You may ask what corrupt act did Adam and Eve partake in.

Their story isn’t a historical account of the lives of two persons, but the Torah’s literary way of dramatising human corruptibility.

Corruption isn’t just monetary, the Torah describes its scope as embracing the political, sexual and worldview dimensions as well.

Obtaining a position to advance your lust for power at the expense of society is political corruption, persuading a distraught rape victim in court to marry her violent rapist is sexual corruption, and giving primacy to bipolar sectarian demands is worldview corruption.
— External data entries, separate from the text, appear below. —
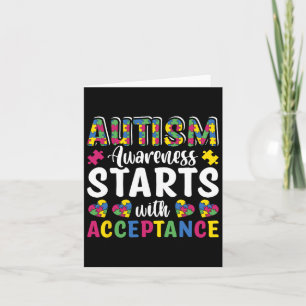 Puzzle Autism Awareness Accept Understand Love Dis Card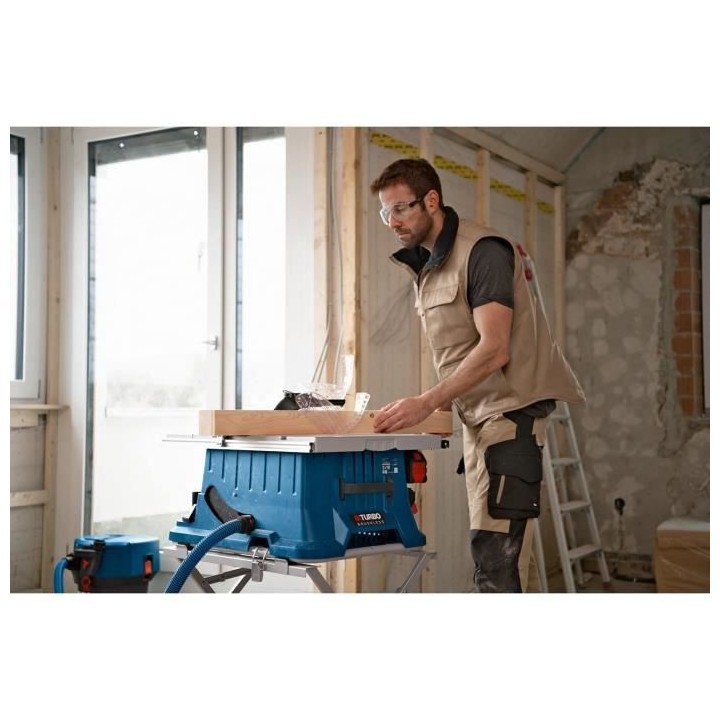 scie table bosch professional GTS 18V + Table de travail GTA 56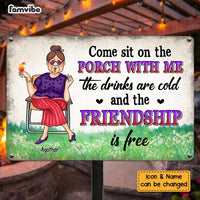 Personalized Sit Porch Grandma Metal Sign 24792 thumb 1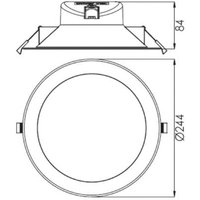Deko-Light Acrux LED recessed ceiling light, Ø 24 cm, matt silver, CCT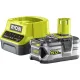 Аккумулятор с зарядным устройством Ryobi RC18120-150 ONE+ 5133003366 18В/5.0 а*ч + 18В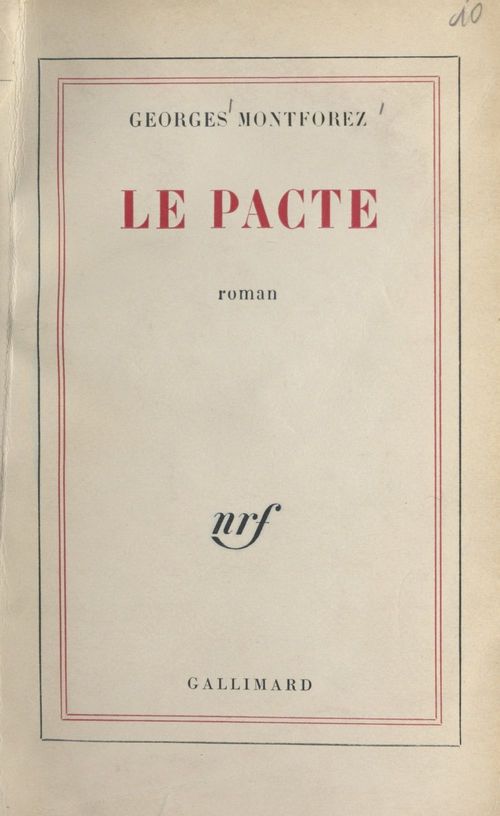 Couverture ebook de Le pacte, de Montforez Georges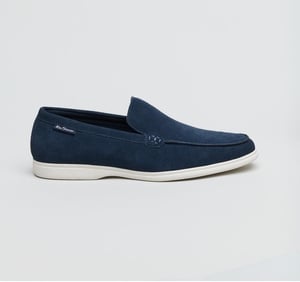 Ben Sherman Amarillo Herren Wildleder Mokassins In Blau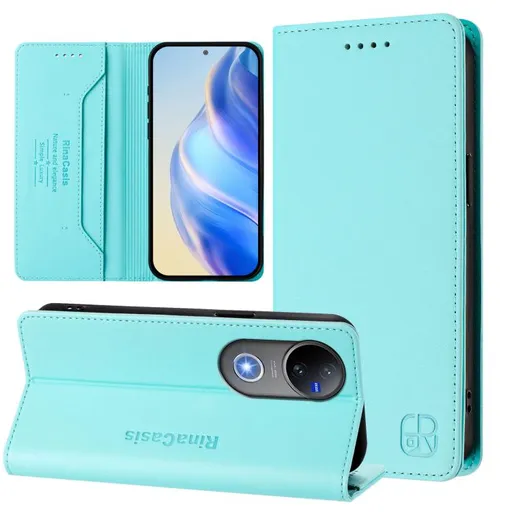 RINA Zaklápacie puzdro pre Vivo V50 5G mentolové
Corruption is hard to resist because the deed brings personal good. If you benefit from the deed, you find it good and you ignore the evil it creates for society.

As the story says: “When the woman saw that the fruit of the tree was good for food and pleasing to the eye, and also desirable for gaining seichel (Hebrew), she took some and ate it. She also gave some to her husband, who was with her, and he ate it.”

The Hebrew word seichel means common sense or being streetwise.

Adam and Eve are driven out of the paradisial garden of Eden to live a perilous existence outside.

If you live in a society free of corruption, that’s a garden of Eden; if you live in a graft-ridden society where everyone is either giving or taking bribes, your existence will be endangered.

The Torah’s next story is the tragic tale of Cain and Abel, the first two children of Adam and Eve. The third story is Noah’s Ark, and here we see the final destructive effects of corruption.

After introducing Noah, the Torah comments: “God saw how corrupt the earth had become, for all the people on earth had corrupted their ways. So God said to Noah, ‘I am going to put an end to all people, for the earth is filled with violence because of them’.” Corruption induces violence and brings humanity to a destructive end.

It is the mission of religion to eliminate corruption, because it is the cause of our fall into damnation.

Yet the response of religious authorities to the Rasuah Busters campaign is lukewarm.

With the vast majority of citizens beholden to the preachers, the absence of anti-graft sermons at the pulpits will render the campaign less effective than it can be.